After the King of Sweden died, Gassion returned to France. With Condé he won the battle of Rocroy, and, during the siege, died of a bullet in his head, leaving behind him the reputation of a brilliant soldier and accomplished man of letters, as virtuous as he was brave. He never wished to marry. When they spoke to him of marriage, he answered that he did not think enough of his life to offer a share of it to any one. This was an expression of pessimism far in advance of his epoch.
La Rochefoucauld, who will never be accused of having been naturally romantic, offered another example of the miracles performed by youths. Only once in his life did he play the part of Paladin. He launched himself in politics before he had a beard. When he was sixteen years old, he entered upon his grand campaign, bearing the title of "Master of the Camp."

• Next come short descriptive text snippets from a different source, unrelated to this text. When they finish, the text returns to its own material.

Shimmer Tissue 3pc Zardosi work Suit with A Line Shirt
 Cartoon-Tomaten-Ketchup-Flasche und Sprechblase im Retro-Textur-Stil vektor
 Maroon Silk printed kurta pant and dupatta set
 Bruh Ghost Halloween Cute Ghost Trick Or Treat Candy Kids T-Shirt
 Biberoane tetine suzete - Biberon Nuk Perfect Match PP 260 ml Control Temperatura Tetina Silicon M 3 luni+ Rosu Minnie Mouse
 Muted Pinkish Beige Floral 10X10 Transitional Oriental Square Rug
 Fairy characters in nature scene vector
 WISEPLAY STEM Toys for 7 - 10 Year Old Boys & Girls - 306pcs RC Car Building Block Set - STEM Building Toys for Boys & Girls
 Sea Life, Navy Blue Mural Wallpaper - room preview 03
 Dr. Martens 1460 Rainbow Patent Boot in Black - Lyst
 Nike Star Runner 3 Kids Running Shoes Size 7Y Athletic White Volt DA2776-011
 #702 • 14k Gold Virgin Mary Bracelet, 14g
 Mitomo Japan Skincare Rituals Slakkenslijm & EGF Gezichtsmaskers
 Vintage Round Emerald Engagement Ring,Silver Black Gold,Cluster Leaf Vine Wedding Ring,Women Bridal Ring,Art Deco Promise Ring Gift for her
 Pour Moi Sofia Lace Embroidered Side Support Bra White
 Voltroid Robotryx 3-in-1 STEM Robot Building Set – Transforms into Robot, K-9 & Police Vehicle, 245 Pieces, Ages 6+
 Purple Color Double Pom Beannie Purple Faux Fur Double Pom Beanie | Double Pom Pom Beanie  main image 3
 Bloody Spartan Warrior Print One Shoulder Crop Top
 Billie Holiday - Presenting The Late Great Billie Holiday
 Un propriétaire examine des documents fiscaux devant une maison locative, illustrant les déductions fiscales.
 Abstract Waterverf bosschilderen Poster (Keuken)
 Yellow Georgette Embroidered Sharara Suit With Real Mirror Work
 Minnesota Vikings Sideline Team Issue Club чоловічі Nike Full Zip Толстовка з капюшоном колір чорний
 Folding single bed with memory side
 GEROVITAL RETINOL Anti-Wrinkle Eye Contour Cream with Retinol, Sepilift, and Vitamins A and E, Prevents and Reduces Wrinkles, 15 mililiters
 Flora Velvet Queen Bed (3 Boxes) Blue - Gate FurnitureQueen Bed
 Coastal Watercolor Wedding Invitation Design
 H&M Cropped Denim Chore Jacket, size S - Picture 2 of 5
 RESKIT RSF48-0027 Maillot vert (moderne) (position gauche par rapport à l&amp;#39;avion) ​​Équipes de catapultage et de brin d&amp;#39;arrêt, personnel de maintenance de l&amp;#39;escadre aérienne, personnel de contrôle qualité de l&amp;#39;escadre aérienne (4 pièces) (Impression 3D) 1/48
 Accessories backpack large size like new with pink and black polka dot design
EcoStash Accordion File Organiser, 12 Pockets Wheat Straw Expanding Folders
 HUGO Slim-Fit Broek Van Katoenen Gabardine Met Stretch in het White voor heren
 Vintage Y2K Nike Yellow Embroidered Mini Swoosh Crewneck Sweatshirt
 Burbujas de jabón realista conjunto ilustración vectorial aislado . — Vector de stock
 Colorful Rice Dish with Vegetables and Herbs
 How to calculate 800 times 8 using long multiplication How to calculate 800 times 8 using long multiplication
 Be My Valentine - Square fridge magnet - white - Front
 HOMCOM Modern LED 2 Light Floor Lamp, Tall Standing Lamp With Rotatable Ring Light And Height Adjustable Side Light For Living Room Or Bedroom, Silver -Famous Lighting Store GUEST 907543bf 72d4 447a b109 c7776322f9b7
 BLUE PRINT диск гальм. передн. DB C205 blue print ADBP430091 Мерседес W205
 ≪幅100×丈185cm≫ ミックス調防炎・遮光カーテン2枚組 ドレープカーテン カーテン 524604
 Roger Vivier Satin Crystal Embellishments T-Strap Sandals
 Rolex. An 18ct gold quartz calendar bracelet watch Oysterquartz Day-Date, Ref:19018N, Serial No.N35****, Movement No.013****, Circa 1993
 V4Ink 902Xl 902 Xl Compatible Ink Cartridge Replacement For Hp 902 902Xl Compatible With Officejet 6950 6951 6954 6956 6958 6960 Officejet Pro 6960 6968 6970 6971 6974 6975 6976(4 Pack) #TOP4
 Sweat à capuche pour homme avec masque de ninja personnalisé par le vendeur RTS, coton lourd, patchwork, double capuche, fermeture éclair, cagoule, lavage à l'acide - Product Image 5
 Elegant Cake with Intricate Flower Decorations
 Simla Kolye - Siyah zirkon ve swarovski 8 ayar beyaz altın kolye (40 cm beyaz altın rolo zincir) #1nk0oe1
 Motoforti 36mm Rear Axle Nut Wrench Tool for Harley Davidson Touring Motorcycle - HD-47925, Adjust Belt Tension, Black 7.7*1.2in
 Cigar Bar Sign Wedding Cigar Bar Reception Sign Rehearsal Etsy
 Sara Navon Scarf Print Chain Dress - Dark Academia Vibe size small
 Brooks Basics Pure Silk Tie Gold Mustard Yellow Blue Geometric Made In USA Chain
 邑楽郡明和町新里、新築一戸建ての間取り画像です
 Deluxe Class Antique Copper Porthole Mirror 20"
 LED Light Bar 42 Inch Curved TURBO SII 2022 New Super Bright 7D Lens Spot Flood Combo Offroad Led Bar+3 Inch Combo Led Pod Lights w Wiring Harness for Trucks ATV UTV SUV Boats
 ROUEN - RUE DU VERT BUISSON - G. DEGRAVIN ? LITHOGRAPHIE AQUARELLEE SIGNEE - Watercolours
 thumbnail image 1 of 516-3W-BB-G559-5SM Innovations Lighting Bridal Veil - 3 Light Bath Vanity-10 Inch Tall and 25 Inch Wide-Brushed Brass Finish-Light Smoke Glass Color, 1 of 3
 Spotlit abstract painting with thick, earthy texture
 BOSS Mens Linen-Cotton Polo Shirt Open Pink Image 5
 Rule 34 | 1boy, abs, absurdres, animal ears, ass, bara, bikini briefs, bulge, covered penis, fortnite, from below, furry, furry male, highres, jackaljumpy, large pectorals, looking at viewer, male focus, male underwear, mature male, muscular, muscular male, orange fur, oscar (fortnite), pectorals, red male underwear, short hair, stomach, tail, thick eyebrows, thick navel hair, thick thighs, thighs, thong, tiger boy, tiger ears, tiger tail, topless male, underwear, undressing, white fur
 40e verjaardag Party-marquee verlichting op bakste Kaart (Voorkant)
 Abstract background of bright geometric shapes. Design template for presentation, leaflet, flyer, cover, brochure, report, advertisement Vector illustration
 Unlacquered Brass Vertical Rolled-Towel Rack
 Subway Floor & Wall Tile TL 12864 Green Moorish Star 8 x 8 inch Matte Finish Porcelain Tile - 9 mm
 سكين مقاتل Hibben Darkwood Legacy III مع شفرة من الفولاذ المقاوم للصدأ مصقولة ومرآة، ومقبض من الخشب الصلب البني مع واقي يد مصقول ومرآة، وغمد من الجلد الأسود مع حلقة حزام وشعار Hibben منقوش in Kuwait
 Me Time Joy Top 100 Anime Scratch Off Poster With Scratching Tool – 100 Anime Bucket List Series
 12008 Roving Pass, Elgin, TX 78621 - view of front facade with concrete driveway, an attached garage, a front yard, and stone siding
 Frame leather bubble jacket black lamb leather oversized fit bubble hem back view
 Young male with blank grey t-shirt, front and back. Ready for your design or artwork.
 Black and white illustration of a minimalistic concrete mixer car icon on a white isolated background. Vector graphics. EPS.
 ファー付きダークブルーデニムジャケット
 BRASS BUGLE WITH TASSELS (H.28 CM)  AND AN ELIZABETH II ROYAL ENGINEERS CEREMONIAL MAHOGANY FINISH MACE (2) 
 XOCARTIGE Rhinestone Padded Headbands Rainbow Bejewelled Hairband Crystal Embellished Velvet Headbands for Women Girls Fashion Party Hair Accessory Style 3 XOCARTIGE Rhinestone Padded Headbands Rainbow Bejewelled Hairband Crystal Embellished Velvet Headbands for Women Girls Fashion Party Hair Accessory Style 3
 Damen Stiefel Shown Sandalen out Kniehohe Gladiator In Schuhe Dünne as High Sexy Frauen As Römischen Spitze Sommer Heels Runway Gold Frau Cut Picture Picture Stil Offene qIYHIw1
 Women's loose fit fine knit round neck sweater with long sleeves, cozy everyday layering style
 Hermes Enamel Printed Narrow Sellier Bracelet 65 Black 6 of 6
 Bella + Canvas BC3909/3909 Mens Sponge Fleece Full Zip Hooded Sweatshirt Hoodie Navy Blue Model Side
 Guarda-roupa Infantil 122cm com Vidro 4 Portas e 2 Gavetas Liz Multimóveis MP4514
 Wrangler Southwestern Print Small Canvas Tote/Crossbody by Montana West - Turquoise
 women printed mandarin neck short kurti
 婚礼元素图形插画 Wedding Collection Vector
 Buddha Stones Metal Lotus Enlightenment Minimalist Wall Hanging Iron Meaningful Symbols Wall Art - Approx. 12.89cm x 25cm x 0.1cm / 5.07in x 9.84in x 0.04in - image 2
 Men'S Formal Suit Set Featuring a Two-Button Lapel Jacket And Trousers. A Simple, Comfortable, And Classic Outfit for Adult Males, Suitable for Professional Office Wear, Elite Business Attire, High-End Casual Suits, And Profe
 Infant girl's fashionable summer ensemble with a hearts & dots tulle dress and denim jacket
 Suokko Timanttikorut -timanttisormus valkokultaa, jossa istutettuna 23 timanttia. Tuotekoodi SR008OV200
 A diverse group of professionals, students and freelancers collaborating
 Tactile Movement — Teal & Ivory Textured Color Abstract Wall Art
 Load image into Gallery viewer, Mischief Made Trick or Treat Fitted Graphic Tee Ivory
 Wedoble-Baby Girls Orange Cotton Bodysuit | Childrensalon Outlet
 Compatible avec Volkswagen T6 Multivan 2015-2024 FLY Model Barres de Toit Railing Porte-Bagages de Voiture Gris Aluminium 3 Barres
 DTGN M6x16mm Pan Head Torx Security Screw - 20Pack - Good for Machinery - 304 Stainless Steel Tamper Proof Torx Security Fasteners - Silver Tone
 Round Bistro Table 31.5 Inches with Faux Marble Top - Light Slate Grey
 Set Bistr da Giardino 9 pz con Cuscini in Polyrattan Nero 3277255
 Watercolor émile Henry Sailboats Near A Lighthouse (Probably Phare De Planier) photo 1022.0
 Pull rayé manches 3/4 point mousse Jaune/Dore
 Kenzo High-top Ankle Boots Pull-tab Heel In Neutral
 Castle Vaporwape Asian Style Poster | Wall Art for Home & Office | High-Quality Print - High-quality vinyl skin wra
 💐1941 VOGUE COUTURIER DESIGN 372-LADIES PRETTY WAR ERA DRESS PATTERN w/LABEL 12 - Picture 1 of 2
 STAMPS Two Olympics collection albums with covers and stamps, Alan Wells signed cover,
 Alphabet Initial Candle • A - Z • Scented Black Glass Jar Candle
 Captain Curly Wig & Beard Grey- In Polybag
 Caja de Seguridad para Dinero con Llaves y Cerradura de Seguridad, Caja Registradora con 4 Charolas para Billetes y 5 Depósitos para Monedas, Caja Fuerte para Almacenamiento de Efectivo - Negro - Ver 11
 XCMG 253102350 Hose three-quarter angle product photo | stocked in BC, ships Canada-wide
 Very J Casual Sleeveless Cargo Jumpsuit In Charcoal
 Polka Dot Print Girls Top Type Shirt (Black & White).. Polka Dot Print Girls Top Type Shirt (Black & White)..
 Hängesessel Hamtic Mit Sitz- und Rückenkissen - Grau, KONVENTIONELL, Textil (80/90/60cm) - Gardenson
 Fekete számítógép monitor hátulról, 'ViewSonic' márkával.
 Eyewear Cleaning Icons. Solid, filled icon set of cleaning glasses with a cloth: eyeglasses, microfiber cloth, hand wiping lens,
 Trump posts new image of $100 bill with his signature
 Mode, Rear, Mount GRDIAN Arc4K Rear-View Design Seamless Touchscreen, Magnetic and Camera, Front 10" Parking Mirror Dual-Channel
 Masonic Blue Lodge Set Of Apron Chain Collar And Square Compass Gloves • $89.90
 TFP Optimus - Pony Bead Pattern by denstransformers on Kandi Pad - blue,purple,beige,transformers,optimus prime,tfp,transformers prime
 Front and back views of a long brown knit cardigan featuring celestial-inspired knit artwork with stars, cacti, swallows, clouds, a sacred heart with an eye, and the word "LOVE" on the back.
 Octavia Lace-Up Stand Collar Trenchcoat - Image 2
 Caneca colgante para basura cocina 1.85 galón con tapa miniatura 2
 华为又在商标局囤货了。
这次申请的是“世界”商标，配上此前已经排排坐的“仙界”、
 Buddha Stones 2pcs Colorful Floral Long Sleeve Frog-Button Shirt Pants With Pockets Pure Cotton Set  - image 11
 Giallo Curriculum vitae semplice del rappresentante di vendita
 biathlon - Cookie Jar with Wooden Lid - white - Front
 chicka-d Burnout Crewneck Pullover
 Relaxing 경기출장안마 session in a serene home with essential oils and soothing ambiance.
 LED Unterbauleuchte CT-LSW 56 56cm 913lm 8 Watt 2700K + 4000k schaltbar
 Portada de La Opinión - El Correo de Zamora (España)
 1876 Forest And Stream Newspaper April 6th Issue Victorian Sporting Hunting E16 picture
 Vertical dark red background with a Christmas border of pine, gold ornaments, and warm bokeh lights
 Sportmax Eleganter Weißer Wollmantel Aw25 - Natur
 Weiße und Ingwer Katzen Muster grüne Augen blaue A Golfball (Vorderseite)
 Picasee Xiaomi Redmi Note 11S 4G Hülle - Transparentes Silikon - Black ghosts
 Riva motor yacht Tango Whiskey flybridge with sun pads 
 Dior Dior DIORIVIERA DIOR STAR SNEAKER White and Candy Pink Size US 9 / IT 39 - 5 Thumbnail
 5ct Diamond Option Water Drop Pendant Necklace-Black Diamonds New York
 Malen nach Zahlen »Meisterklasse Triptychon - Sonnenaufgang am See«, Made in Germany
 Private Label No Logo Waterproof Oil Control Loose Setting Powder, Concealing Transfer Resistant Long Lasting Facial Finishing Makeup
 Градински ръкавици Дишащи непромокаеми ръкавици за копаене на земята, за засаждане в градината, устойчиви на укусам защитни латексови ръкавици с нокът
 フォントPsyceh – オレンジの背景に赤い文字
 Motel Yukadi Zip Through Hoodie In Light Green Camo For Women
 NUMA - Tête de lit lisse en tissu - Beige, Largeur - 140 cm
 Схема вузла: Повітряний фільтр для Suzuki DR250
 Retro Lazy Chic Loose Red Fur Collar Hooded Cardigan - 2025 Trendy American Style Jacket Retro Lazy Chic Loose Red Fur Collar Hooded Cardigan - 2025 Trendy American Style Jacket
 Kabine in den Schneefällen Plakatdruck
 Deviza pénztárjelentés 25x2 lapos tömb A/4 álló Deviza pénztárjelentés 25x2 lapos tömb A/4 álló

The following year he was at Court, elbowing his way among all the parties, busily engaged in opposition to Richelieu. But his politics did not add anything to his age; he was still an adolescent, far removed from the enlightened theorist of the Maximes.
The peculiarly special savour of the springtime of life was communicated to his soul at the hour appointed by nature. In him it was impregnated by a faint perfume of heroism and of poetry. He never forgot the happiness with which for a week or more he played the fool. He was then twenty-three years old. Queen Anne of Austria was in the depths of her disgrace, maltreated and persecuted by her husband and by Richelieu.
In this extremity [said Rochefoucauld], abandoned by all the world, devoid of aid, daring to confide in no one but Mademoiselle de Hautefort—and in me,—she proposed to me to abduct them both and take them to Brussels. Whatever difficulty I may have seen in such a project, I can say that it gave me more joy than I had ever had in my life. I was at an age when a man loves to do extraordinary things, and I could not think of anything that would give me more satisfaction than that: to strike the King and the Cardinal with one blow, to take the Queen from her husband and from the jealous Richelieu, and to snatch Mademoiselle de Hautefort from the King who was in love with her!
In truth the adventure would not have been an ordinary one; La Rochefoucauld assumed its duties with enthusiasm, renouncing them only when the Queen changed her mind.
Like all his fellows, La Rochefoucauld had his outburst of youth; but he fell short of its folly. Recalling his extravagant project, he said: "Youth is a continuous intoxication; it is the fever of Reason."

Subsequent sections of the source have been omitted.